This blog has been occasionally concerned with issues surrounding the capture of Tweets, in their capacity as web-based resources which may or may not have value to the Institution as record or archive material. See Brian Kelly’s post of July 2008. The discussions have been based around (a) is it worth doing? And (b) is it technically possible to capture Tweets, and how? This post is concerned with a third issue, (c), do we have permission to do it, since twitter.com is a third-party hosting service? The same issue in fact, that applies to many Web 2.0 applications which involve members of staff working in the cloud or generally conducting University business outside of the network.

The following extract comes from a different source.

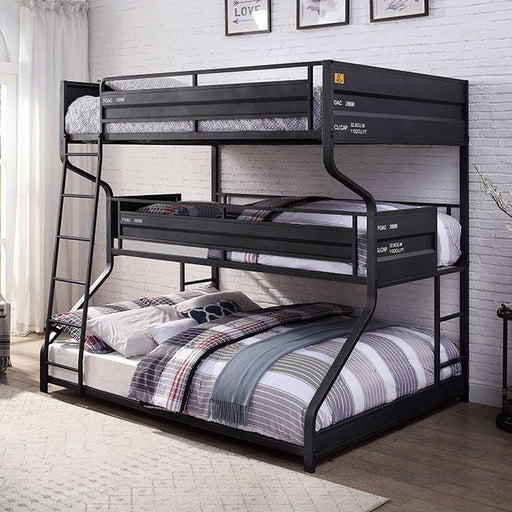 LODIDA Full/Twin/Queen Triple Decker Bed Bunk Bed FOA East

The PANDORA Librarian at the State Library of Queensland has just asked the question about permission. “Do we have a blanket permission for Twitter http://twitter.com/? That is, if we find a Twitter site we want to gather, and we get permission as well from say a politician or whoever has content on that site, can we go ahead and gather?”

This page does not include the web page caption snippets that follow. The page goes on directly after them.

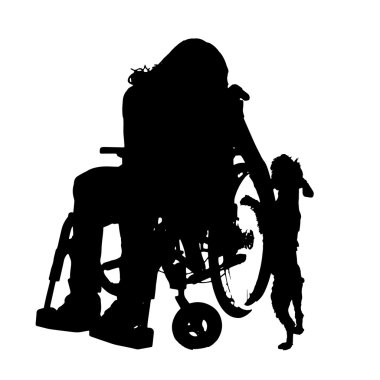 insanların tekerlekli sandalyede Vector silhouettes.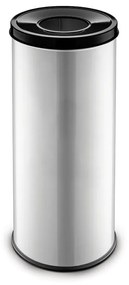 Kovový kôš na triedený odpad 45 L strieborný, zmiešaný odpad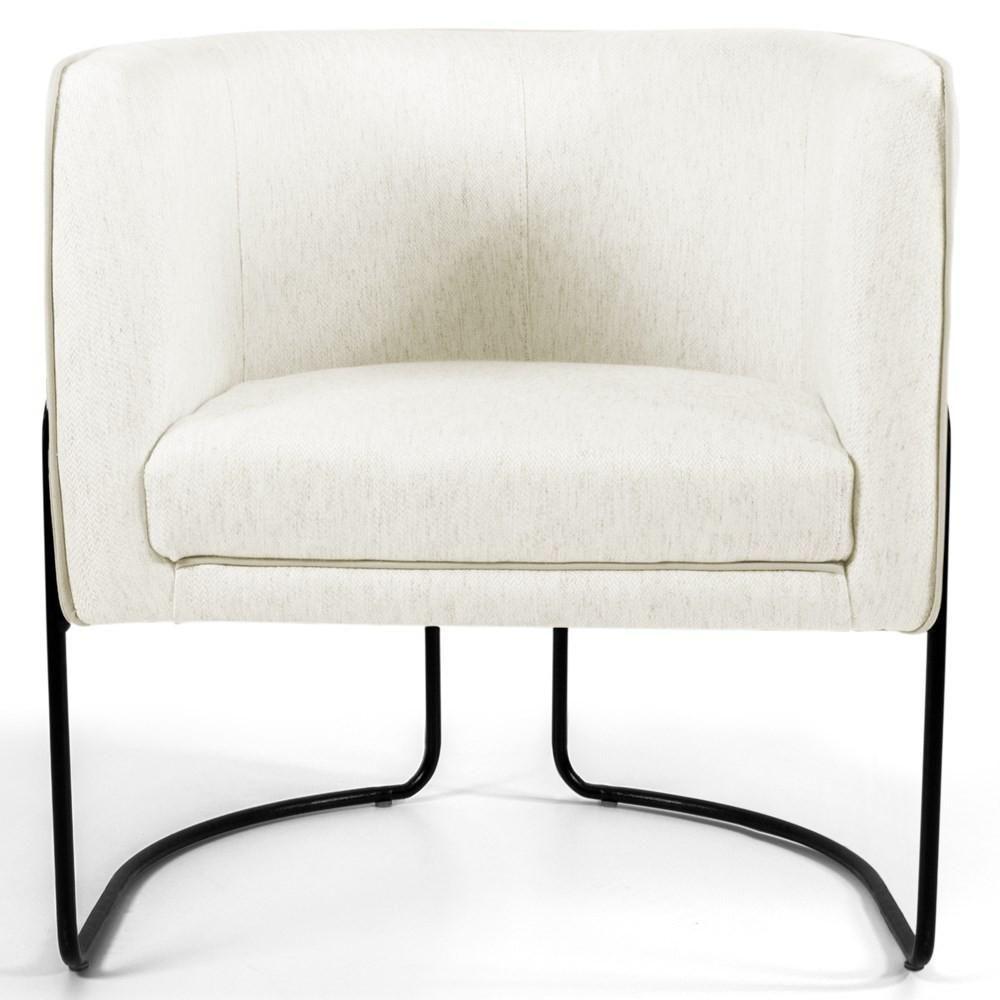 Poltrona Decorativa Base Aço Betina C-309 Veludo Bege Claro - Domi - 3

The National Library of Australia, who have been involved in a library-centric web archiving programme for many years, replied with the following advice:
“We received advice from Twitter, when asking to archive the Prime Minister’s twitter page, which gives a clear indication that they have no problem with archiving,” said the NLA’s Manager of Web Archiving. “I have also been in contact with another Twitter staffer who also gave permission. So I think it is safe to assume that we may archive selectively from Twitter, depending upon receiving the permission of the Twitteree. However in the case of the PM, we didn’t seek that explicit permission as we have blanket permission, from his Party and the PM’s dept.”
And that advice from Twitter.com confirms this:
“Archiving the Prime Minister’s twitter updates is fine, since he owns the copyright to the messages that he posted. According to our Terms of Service:
Copyright (What’s Yours is Yours)
1. We claim no intellectual property rights over the material you provide to the Twitter service. Your profile and materials uploaded remain yours. You can remove your profile at any time by deleting your account. This will also remove any text and images you have stored in the system.
2. We encourage users to contribute their creations to the public domain or consider progressive licensing terms.
This is potentially a useful little development. It may send archivists in the direction of checking the terms of service of other third-party hosting organisations, such as Google Docs or SlideShare, to establish what’s permissible and what isn’t. If copyright and ownership issues are sidestepped or aren’t even mentioned, this could be a cause for concern.
In the meantime, presumably we must also give credit to our Australian colleague for devising the neologism “Twitteree”.